Imagine that just before resigning and going to work for a competitor, a group of your employees takes confidential company information from their company-issued computer and cell phone and use that information on behalf of the competitor. Congress passed the Computer Fraud and Abuse Act (CFAA) to combat computer hacking and theft of information stored on computers. Can you sue these former employees under the CFAA? The Sixth Circuit just answered: “No.”

The Sixth Circuit Court of Appeals, which covers federal courts in Kentucky, Michigan, Ohio, and Tennessee, ruled in Royal Truck & Trailer Sales & Serv., Inc. v. Kraft, No. 19-1235 (6th Cir. Sept. 9, 2020) that the CFAA was only meant to penalize those who breach cyber barriers without permission, rather than those who overstep or misuse their otherwise legitimate access to a cyber system. In doing so, though, the Sixth Circuit acknowledged a nationwide circuit split. We anticipate that this issue will ultimately be resolved in the coming years by the United States Supreme Court.

What Happened?

Two of Royal Truck & Trailer’s employees abruptly resigned to join a competitor. The company discovered that shortly before leaving, the employees: (i) forwarded Royal’s customer price quotes from their Royal email accounts to their personal emails; (ii) contacted Royal’s customers through their Royal emails and asked the customers to send “new vendor info” to their personal emails; and (iii) deleted and reinstalled the operating systems on their company-issued laptops, rendering the data on those laptops unrecoverable. Royal sued under the CFAA, claiming that the employees “intentionally accesse[d] a computer without authorization or exceed[ed] authorized access, and thereby obtain[ed] . . . information from any protected computer . . . [and] shall be punished.” 18 U.S.C. § 1030(a)(2)-(a)(2)(C).

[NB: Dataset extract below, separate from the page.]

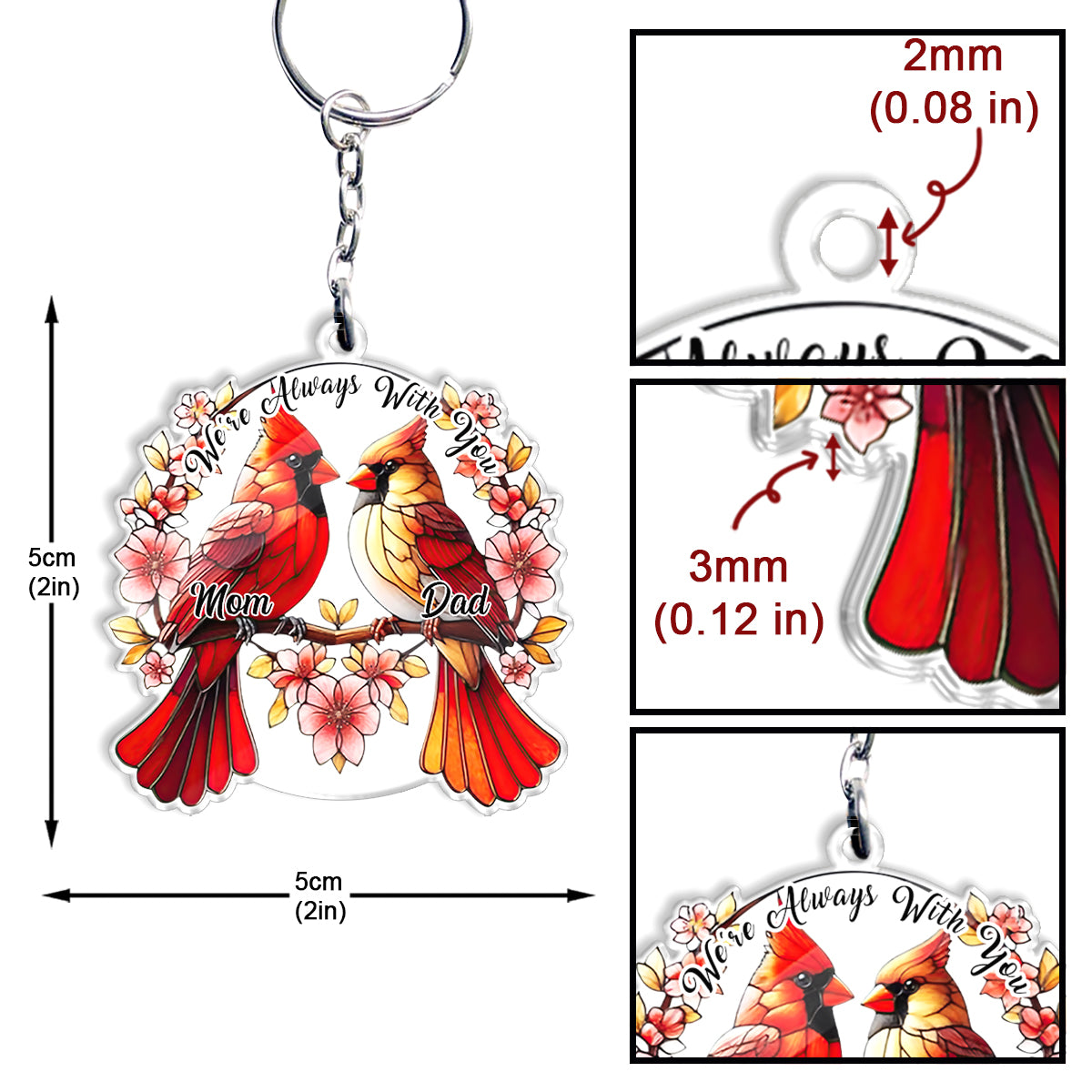 Nous sommes toujours avec vous - Porte-clés commémoratif personnalisé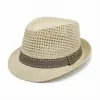 Sombrero de sol de paja, fedora pequeño, sombrero de jazz retro de malla para hombre, sombrero de protección solar de retazos estilo coreano, sombrero de moda de verano estilo británico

What Did the Court Decide and How Did it Get there?

To succeed on its CFAA claim, Royal had to prove that the employees (1) intentionally accessed a computer; (2) the access was unauthorized or exceed the employees’ authorized access; (3) the employees obtained information from a protected computer through that access; and (4) the conduct caused damages in excess of $5,000. Only the second element was at issue on appeal. Since Royal admitted the employees had authorization to access the confidential company information on their Royal email accounts, the Court only had to determine if the employees’ access was unauthorized or whether they exceeded their authorized access when they sent Royal’s confidential information from their work devices to their personal email accounts.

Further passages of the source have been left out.